Hal ini dikhawatirkan nanti seolah negara terlalu mengintervensi,
“serahkan saja kepada daerah masing-masing dgn unsur yang disebutkan di SE itu dalam urusan teknisnya dengan mempertimbangkan kebijakan dan kearifan lokal juga”, ujar Syukron.
Selama ini penggunaan pengeras suara di Mesjid atau musholla sejatinya juga tidak menganggu atau menimbulkan gesekan, pun termasuk pengelola masjid ataupun mushola sdh dengan bijak menggunakannya sesuai dengan kondisi masyarakat yang ada.
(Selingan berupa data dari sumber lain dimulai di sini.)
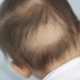 Håret faller ut hos spädbarn: orsakerna och deras eliminering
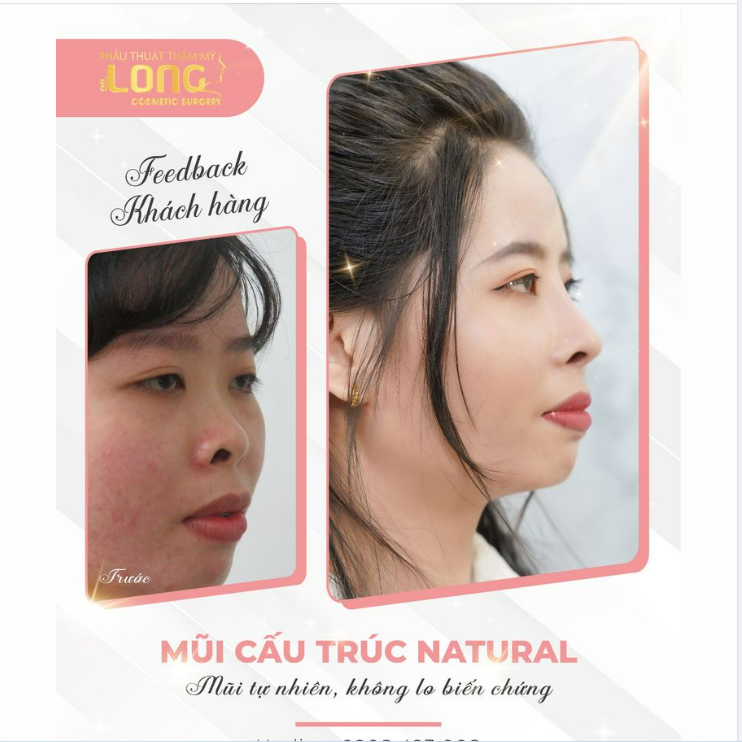 AN TOÀN TỪ LÚC BẮT ĐẦU ĐẾN KHI KẾT THÚC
“Jika pun ada beberapa kejadian kan itu tidak mewakili kondisi yang ada di semua wilayah di Indonesia”, tuturnya.
“Terlepas dari apapun kita berharap toleransi kerukunan umat beragama tetap terjaga di Indonesia untuk itu dibutuhkan sikap arif dan bijaksana memahami satu sama lain baik mayoritas terhadap minoritas maupun sebaliknya”, pungkasnya.